On one of the cooler days we’ve had this summer in Northern Utah, people are still enjoying the water at Hyrum State Park. The drought hasn’t fully reached Cache County yet, and there’s no bathtub ring around the reservoir at Hyrum like at Lake Powell. It’s full enough for all kinds of boating. People are water skiing, canoeing and trying out stand-up paddleboarding.
You’d have to work pretty hard to remind people here that this manmade lake wasn’t here purely for their enjoyment on a day like today, but when Ted Hallisey looks out at the water, he doesn’t just see a canvas for recreation. He sees water for drinking and growing food.
“Everyone loves to get out and recreate,” he says. “But when I talk to managers of the state parks and the rangers, they’ve made it clear that most of the state parks are designated as reservoirs are for agriculture first and some even send the water down for drinking water -- so those are priorities and recreation is the secondary benefit of those parks.”
Hallisey is better known as Cowboy Ted -- a name he got in a previous life when he was a rodeo announcer. Now he’s the host of Utah Skyline Recreation - a daily radio report on Utah State Parks. He’s been to 23 of the state’s 43 parks so far, where he interviews park managers and tells listeners what they can do and expect at each park.
Hallisey noticed this year that the water level at parks with lakes or reservoirs was becoming a critical part of his recreation reports:
“I talked to the manager and the assistant manager over at the Great Salt Lake marina and the harbormaster and they’ve already had to pull out several hundred sailboats that have those rudders that can’t make it through the canal that leads out of the marina.
Earlier this year, the state Legislature set aside $3 million to dredge the marinas at Utah Lake and the Great Salt Lake. Water levels were so low in those places before spring runoff that a lot of boats were on their way to being grounded. The bigger sailboats were already lifted out of theirs slips in April. The dredging would be for smaller sailboats and powerboats as water levels drop over the summer.

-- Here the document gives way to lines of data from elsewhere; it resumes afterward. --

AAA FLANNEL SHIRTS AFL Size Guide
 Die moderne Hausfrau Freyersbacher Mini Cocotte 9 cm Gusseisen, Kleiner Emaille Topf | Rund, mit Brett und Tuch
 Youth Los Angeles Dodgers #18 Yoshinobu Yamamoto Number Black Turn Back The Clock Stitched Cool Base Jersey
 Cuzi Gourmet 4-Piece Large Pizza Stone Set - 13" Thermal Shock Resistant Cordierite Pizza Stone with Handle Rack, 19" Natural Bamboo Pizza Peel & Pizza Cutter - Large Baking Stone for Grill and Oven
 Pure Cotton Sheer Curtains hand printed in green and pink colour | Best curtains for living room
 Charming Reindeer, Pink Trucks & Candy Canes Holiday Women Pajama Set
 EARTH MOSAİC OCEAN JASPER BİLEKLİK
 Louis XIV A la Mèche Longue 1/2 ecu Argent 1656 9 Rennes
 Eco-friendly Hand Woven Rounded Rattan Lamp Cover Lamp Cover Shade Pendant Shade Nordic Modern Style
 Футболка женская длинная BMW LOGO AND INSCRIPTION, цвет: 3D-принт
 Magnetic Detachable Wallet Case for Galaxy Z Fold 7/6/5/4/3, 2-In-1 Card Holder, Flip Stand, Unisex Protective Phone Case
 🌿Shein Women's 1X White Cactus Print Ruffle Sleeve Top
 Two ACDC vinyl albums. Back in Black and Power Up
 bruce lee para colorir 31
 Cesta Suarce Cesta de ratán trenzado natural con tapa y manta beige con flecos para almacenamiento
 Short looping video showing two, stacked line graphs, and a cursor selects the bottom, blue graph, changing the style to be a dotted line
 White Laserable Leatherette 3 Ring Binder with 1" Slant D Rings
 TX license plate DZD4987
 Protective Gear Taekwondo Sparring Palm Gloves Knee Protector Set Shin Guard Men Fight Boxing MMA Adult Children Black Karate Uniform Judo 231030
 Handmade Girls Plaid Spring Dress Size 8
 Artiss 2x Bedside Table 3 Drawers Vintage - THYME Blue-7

The managers at Willard Bay State Park told Hallisey that the water will be used up for irrigation, and by late summer powerboats probably won’t be able to launch from that marina either.
Hallisey lets listeners know about lake levels because it can change people’s summer plans.
“We’re trying to inform people of how much activity they can still do,” he says. Non-motorized activities probably won’t be affected. “A stand-up paddleboard or a kayak you can launch from pretty much anywhere…However, some of the boats are limited and the boats at Utah lake are going to be limited toward the end of the season.”
Cowboy Ted started the Utah Skyline Recreation report to encourage people -- especially kids -- to get outside and get active. He has a master’s degree in physical education and his foundation is geared toward teaching kids to make healthy lifestyle choices. But after visiting Utah’s state parks this summer, he’s shifted his focus to include water conservation.
He told me he’s not worried about drought in Utah, but that he wants to stay informed and help his listeners make informed decisions when they recreate.
“A lot of these state parks actually feed drinking water sources…It’s definitely a lifeline for everybody in Utah and with drought conditions it doesn’t take a big effort for us to do our part.”